Horror fans know that lullabies, nursery rhymes, and children's songs can easily be turned on their heads and into suitably eerie tracks. There's The Evil Dead 's rendition of "Ring Around the Rosie," Nightmare on Elm Street's version of "One Two, Buckle My Shoe," Jack Nicholson's recitation of "The Three Little Pigs" in The Shining, and even the comedic (albeit politically significant) "Run Rabbit Run" in Get Out. But for filmmaker Jordan Peele's latest psychological thriller Us and its soundtrack, composer Michael Abels made some feel-good hip-hop, soul, and R&B hits into twisted tunes.
The Us soundtrack consists of a total of 35 tracks, and features not only Abels' musical score for the film, but also songs from three major artists of color: Janelle Monaé, Maya Rudolph's mother and legendary singer-songwriter Minnie Riperton, and hip-hop duo Luniz. The track that you've definitely heard in the Us teasers and trailers is Luniz's massive 1995 hit "I Got 5 On It," featuring Michael Marshall. Naturally, Abels had to turn the song into the seriously sick "Tethered Remix" to fit the movie's mood — slow and sinister. After you see Us, you'll probably never hear the original song the same way again.

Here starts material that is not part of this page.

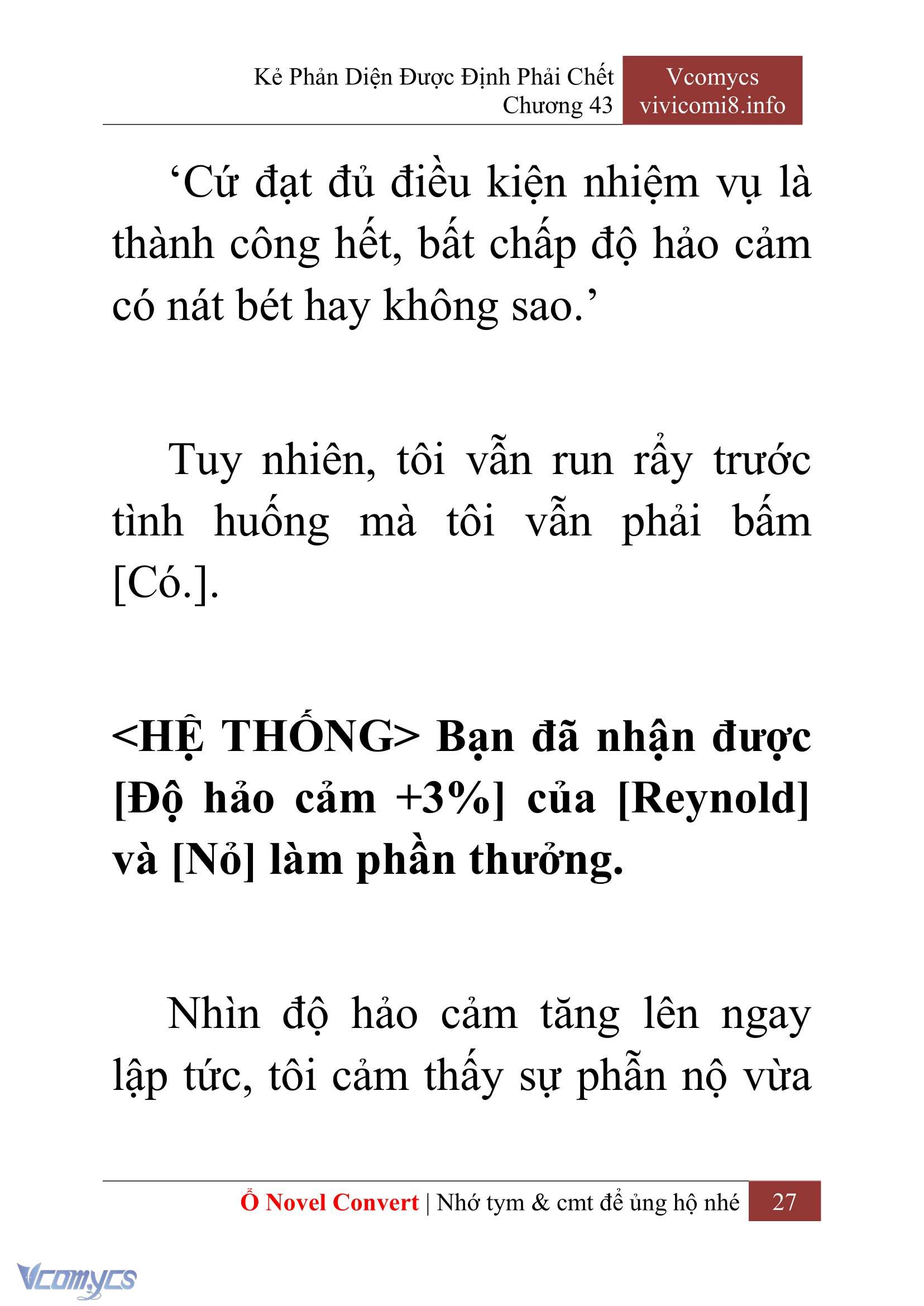 [Novel] Kẻ Phản Diện Được Định Phải Chết Chap 43 - Trang 2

It was Peele who chose the Luniz song for the movie. "I’m making a movie in Northern California, that’s a bay area hip-hop classic and I wanted to explore this very relatable journey of being a parent [and] maybe some of the songs you listened to back in the day aren’t appropriate for your kids," the filmmaker told Entertainment Weekly. "So that was one level, and another part was, I love songs that have a great feeling but also have a haunting element to them and I feel like the beat in that song has this inherent cryptic energy, almost reminiscent of the Nightmare on Elm Street soundtrack. So those were the ideas that that song hit the bullseye on for me, and also, it’s just a dope track.”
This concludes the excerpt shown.